Woolsey's primary goal is to bolster America's national security. But his energy-independence strategy would also curb global warming, create a market for clean-energy providers, strengthen the dollar, cut the deficit, and generate international goodwill. "It's not just win-win," he says. "It's win-win-win-win-win."
[...]
An avid kayaker who lives in a solar-powered house off Chesapeake Bay, he also confesses to being "a tree hugger" -- but he isn't worried about sharing an agenda with environmentalists. "It doesn't matter what the principal motivation is," he says. "It's just two different sets of reasons for wanting the same thing."
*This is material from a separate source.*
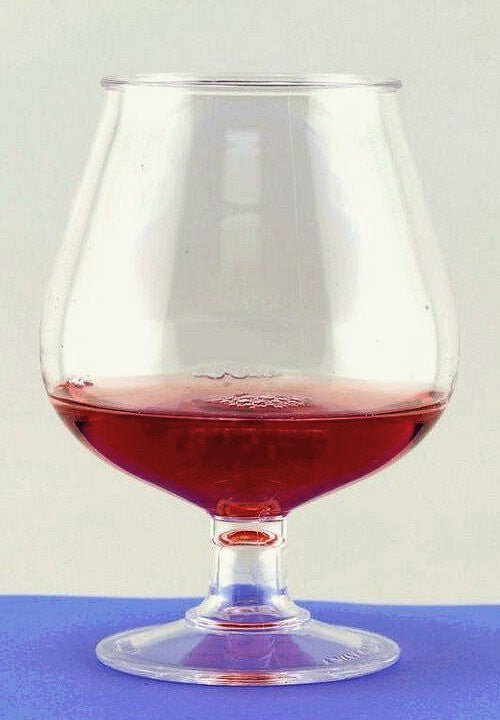 Non-Breakable Specialty Cocktail Glasses - Nautical Luxuries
THE VISIONARY -- Amory Lovins
Nobody has a more varied and eccentric set of credentials as a climate crusader than Amory Lovins. A respected physicist and economist who co-founded the Rocky Mountain Institute in 1982, Lovins has published 29 books on energy and the environment, helped the semiconductor industry devise hyper-efficient factories, and advised 18 heads of state, including Bill Clinton and Jimmy Carter. His top priority, however, is transforming the automobile. Thanks to America's love affair with the Hummer, average fuel efficiency is actually worse today than it was in 1980.

"Transportation accounts for 70 percent of America's oil demands and generates a third of all carbon emissions," says Lovins, 57. "It is the most intractable part of the climate problem."

To prod Detroit to think cleaner, Lovins has designed a new kind of SUV: the Revolution. His concept car goes from zero to 60 in 8.3 seconds and gets 114 miles per gallon. Crafted from superstrength plastics, the Revolution weighs only 1,850 pounds -- less than half as much as a conventional car -- yet has more than five times the crash resistance. That makes it light enough to be driven by hydrogen fuel cells, which lack the oomph to power heavier cars with gas engines.
[..]
"Using energy more efficiently doesn't just address the climate crisis -- it offers an economic bonanza," Lovins says. "Why? Because saving fossil fuel is a lot cheaper than buying it."

THE PIED PIPER -- Greg Nickels
Earlier this year, as the rest of the industrialized world prepared to implement the Kyoto Protocol to reduce global warming, Greg Nickels was frustrated to see the United States sitting on the sidelines. So the Seattle mayor decided that if "the White House isn't going to make it happen from the top down, America's cities can and will make it happen from the ground up."

In February, Nickels introduced the U.S. Mayors Climate Protection Agreement, calling on municipalities to meet Kyoto's targets -- reducing greenhouse gases to below 1990 levels. So far, 187 mayors from major cities in 38 states have signed the agreement, and Nickels hopes to double the number next year. "He's making global warming the focus of the next great grass-roots revolution," says New Mexico Gov. Bill Richardson. "Let's face it -- if we wait around for the feds to act on global warming, nothing is going to happen."
[...]
When it comes to global warming, cities are both the problem and the solution. They account for 78 percent of all climate-warming emissions -- but they may possess enough purchasing power to actually alter the weather. "We buy car fleets, buses, construction equipment, computer systems, light bulbs," says Nickels, whose city's economy is larger than Ireland's. "If we invest in efficient technologies, that can have huge implications for climate change."